▶ **Scraped caption text data**
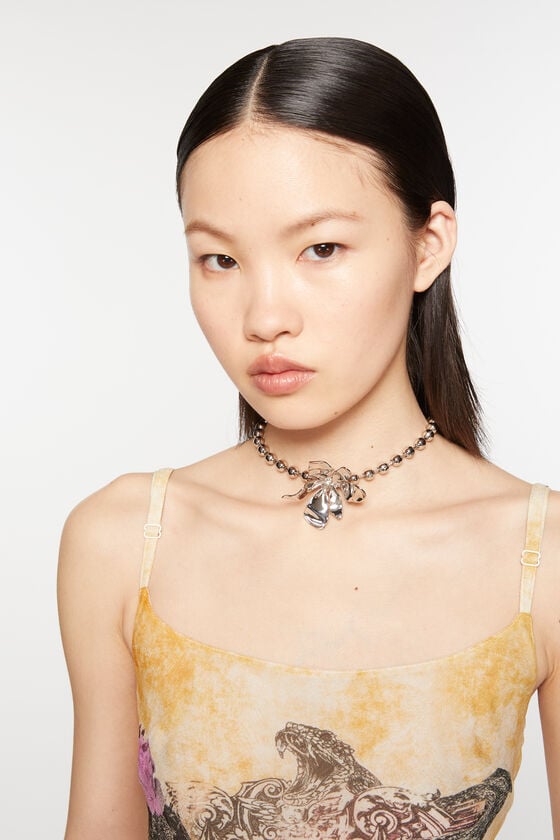 Acne Studios Blumen-Halskette Wochenangebot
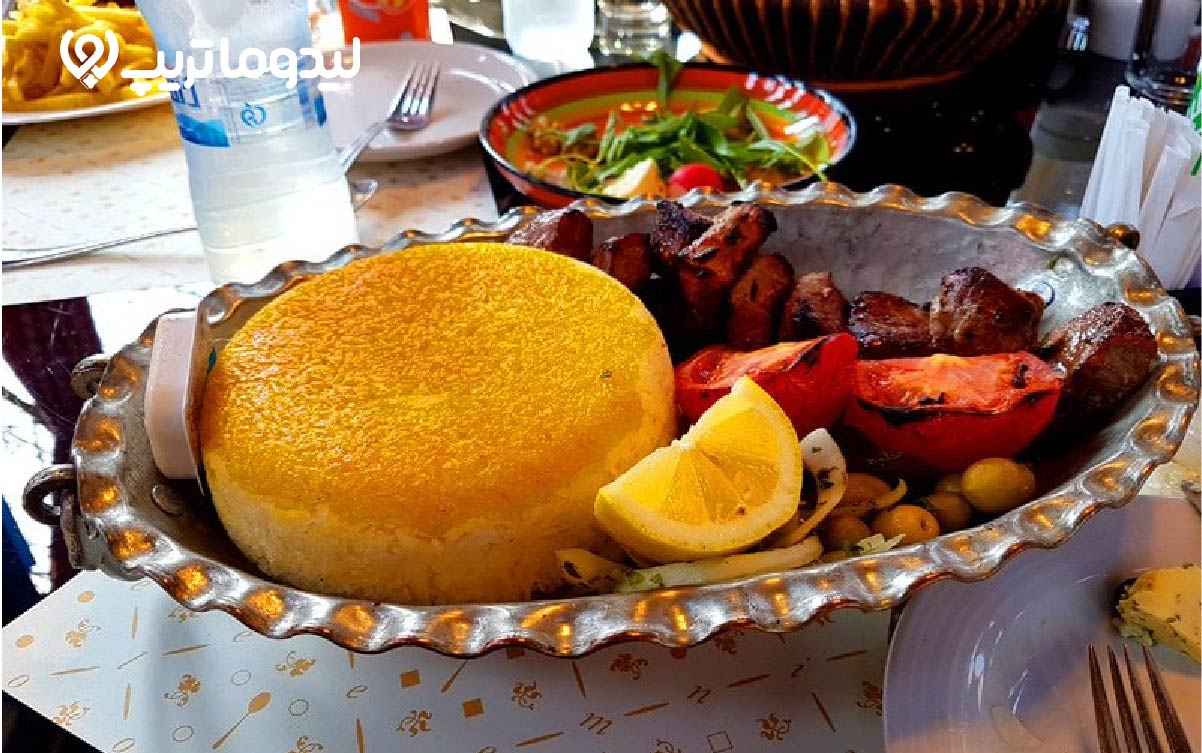 رستوران های نمک آبرود، شکم گردی در نمک آبرود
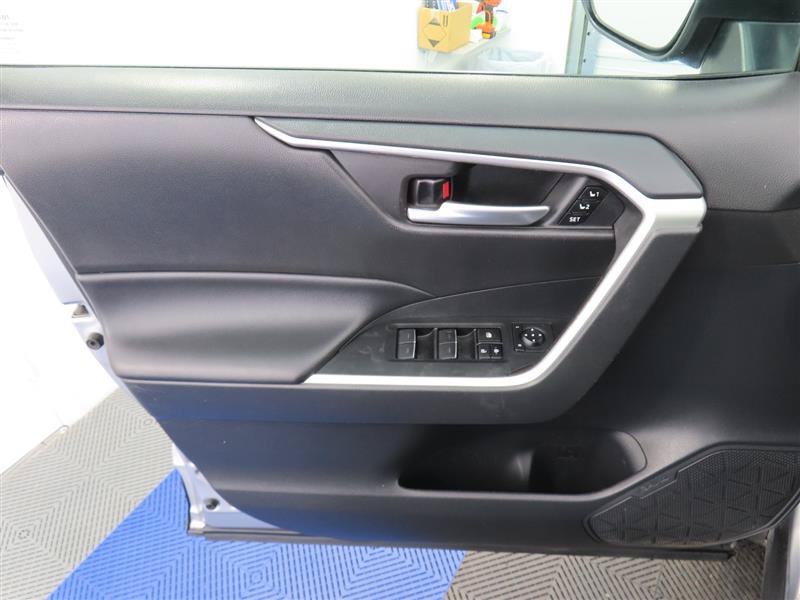 Used 2023 Toyota RAV4 XLE Premium AWD/4WD image 10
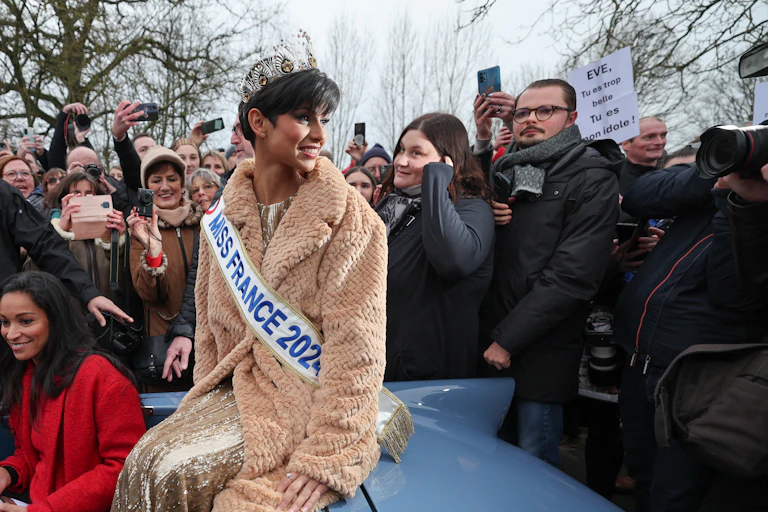Miss France 2024, Eve Gilles et la directrice de Miss France, Cindy Fabre
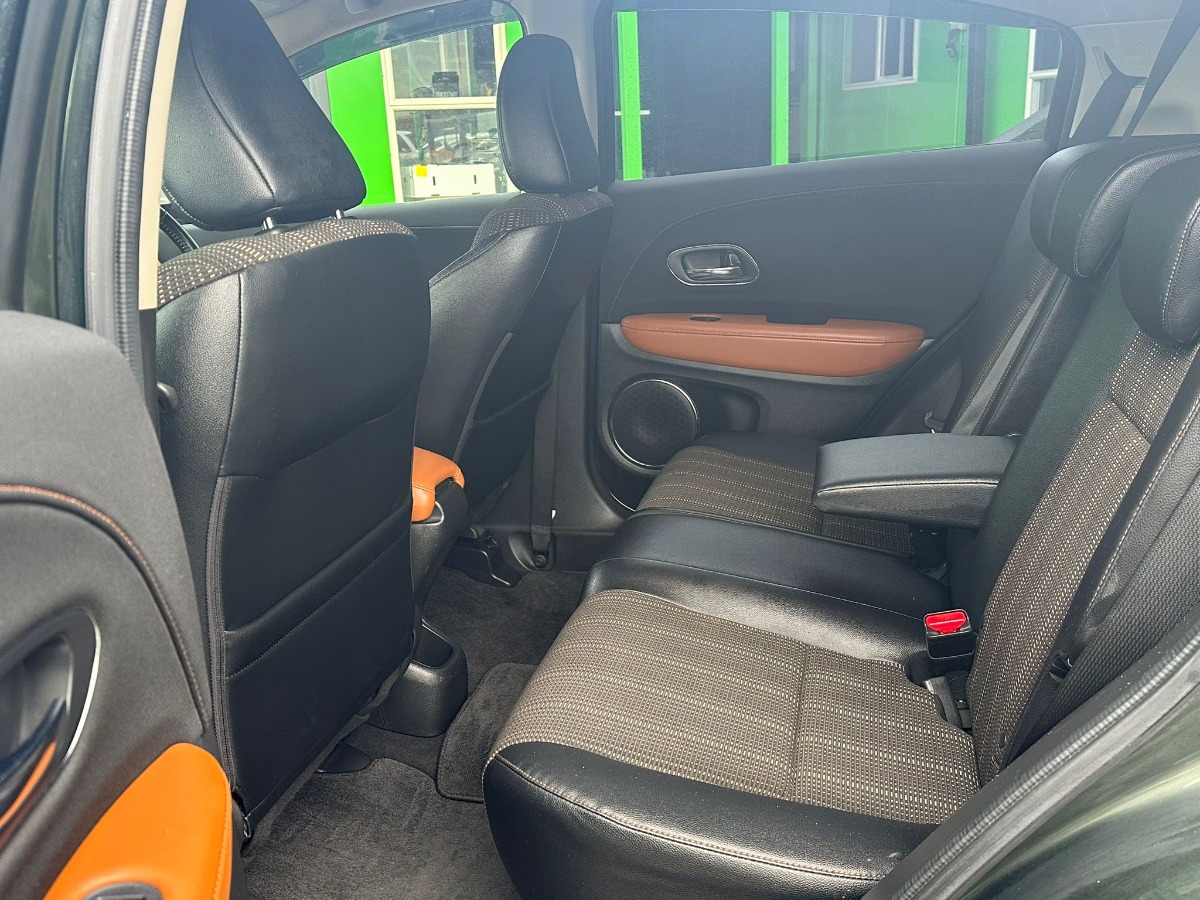 2014 HONDA VEZEL Z HYBRID Carousel 7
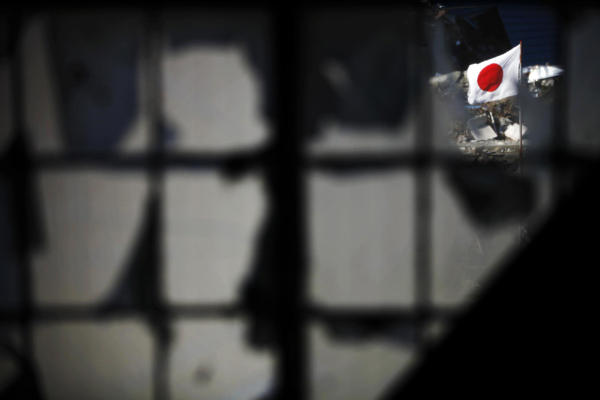 Snapshots: the world in 24 hours April 1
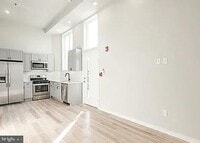 Building Photo - 1501 N 5th St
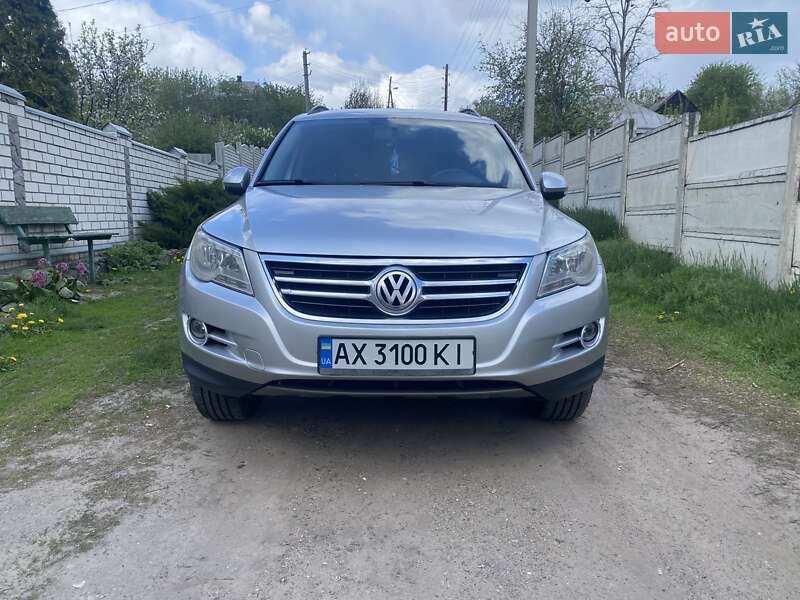 Позашляховик / Кросовер Volkswagen Tiguan 2010 в Новій Водолагі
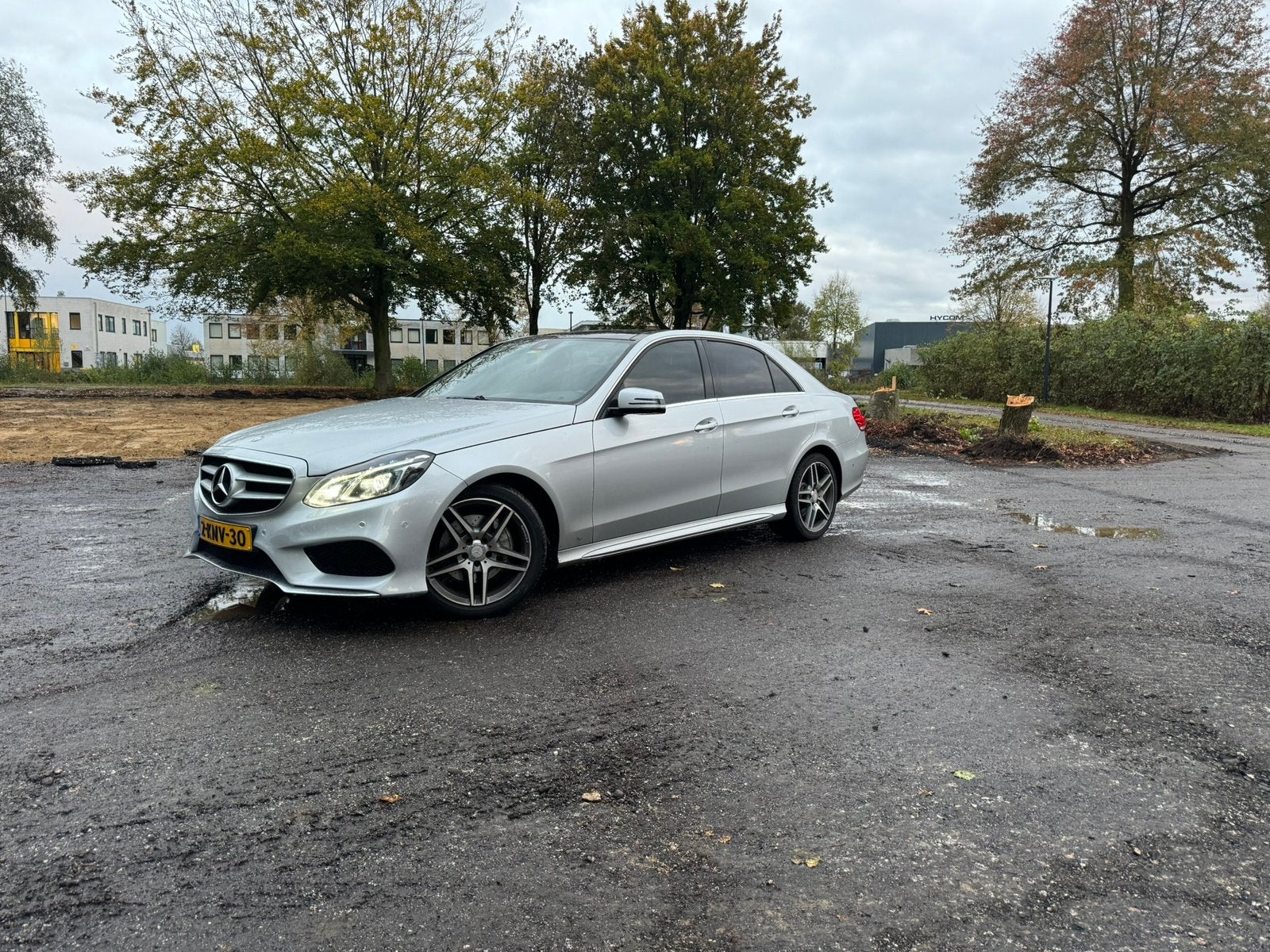 Mercedes-Benz E-Klasse E200 2.0 AMG Line Aut7 2013 Grijs, Auto's, Mercedes-Benz, Automaat, Achterwielaandrijving, 4 cilinders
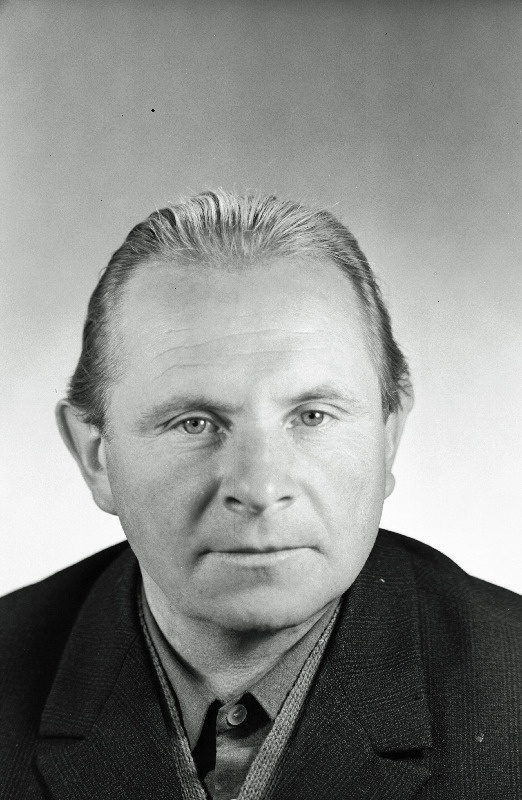 Heinsoo, Helmut - Vaida sovhoosi Patina osakonna juhataja.
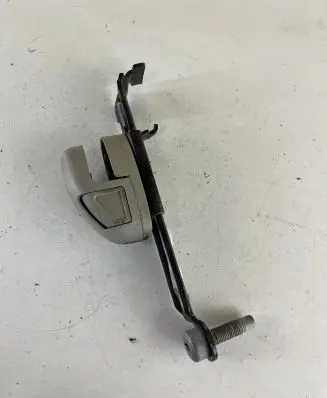 Dodge RAM 1500 DS Seat belt height adjuster 34036616A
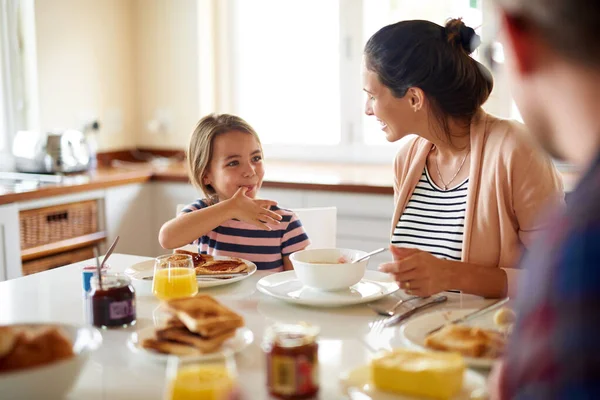 S'amuser à la table du petit déjeuner. Tourné d'une famille prenant le petit déjeuner ensemble. — Photo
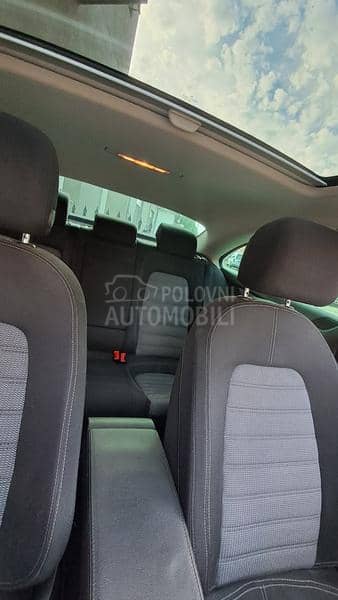 Volkswagen Passat CC 2.0 tdi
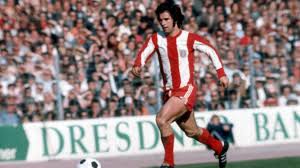 Gerhard gerd müller (german pronunciation: Gerd Muller Biography Age Son Stats Awards Relationship With Thomas Muller Abtc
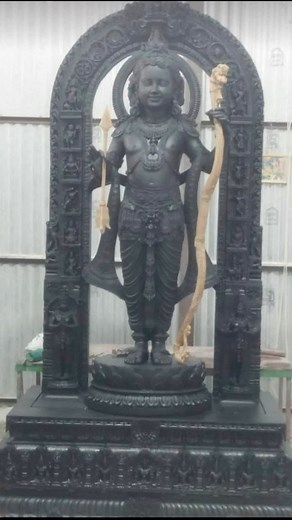 Richa Rajpoot on Instagram: "मेरे Ram ayodhya आ गए है!!! एकीभूतमभूतपूर्वमथवा स्वर्लोकभूलोकयो: ऐश्वर्यं यदि वाञ्छसि प्रिय सखे ! शाकुन्तलं सेव्यताम्॥ #ram #ayodhyarammandirnirman✌️💪 #ayodhyarammandir🚩 #winter #mandir #blessings"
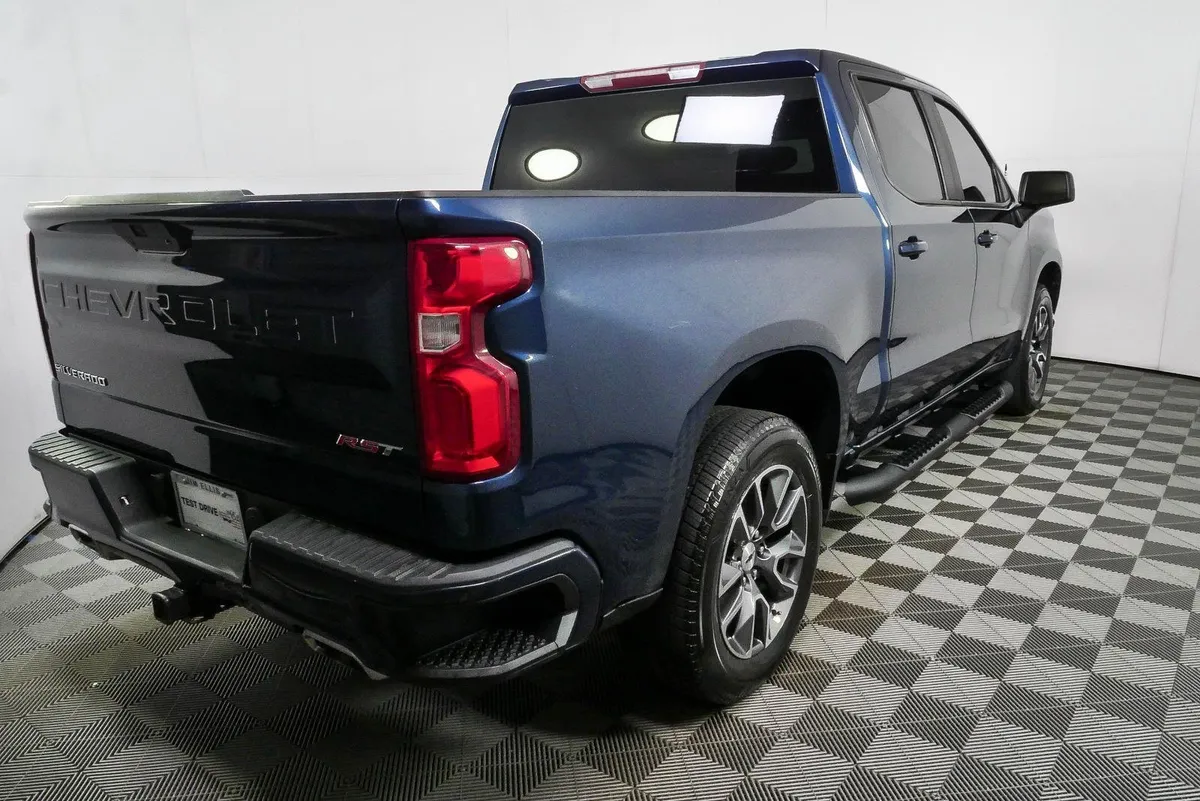 2021 Chevrolet Silverado 1500 RST thumbnail 3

▶ **PROBLEM**
Write out each entry exactly, images excluded.

▶ **TASK SOLUTION**
 Acne Studios Blumen-Halskette Wochenangebot
 رستوران های نمک آبرود، شکم گردی در نمک آبرود
 Used 2023 Toyota RAV4 XLE Premium AWD/4WD image 10
Miss France 2024, Eve Gilles et la directrice de Miss France, Cindy Fabre
 2014 HONDA VEZEL Z HYBRID Carousel 7
 Snapshots: the world in 24 hours April 1
 Building Photo - 1501 N 5th St
 Позашляховик / Кросовер Volkswagen Tiguan 2010 в Новій Водолагі
 Mercedes-Benz E-Klasse E200 2.0 AMG Line Aut7 2013 Grijs, Auto's, Mercedes-Benz, Automaat, Achterwielaandrijving, 4 cilinders
 Heinsoo, Helmut - Vaida sovhoosi Patina osakonna juhataja.
 Dodge RAM 1500 DS Seat belt height adjuster 34036616A
 S'amuser à la table du petit déjeuner. Tourné d'une famille prenant le petit déjeuner ensemble. — Photo
 Volkswagen Passat CC 2.0 tdi
 Gerhard gerd müller (german pronunciation: Gerd Muller Biography Age Son Stats Awards Relationship With Thomas Muller Abtc
 Richa Rajpoot on Instagram: "मेरे Ram ayodhya आ गए है!!! एकीभूतमभूतपूर्वमथवा स्वर्लोकभूलोकयो: ऐश्वर्यं यदि वाञ्छसि प्रिय सखे ! शाकुन्तलं सेव्यताम्॥ #ram #ayodhyarammandirnirman✌️💪 #ayodhyarammandir🚩 #winter #mandir #blessings"
 2021 Chevrolet Silverado 1500 RST thumbnail 3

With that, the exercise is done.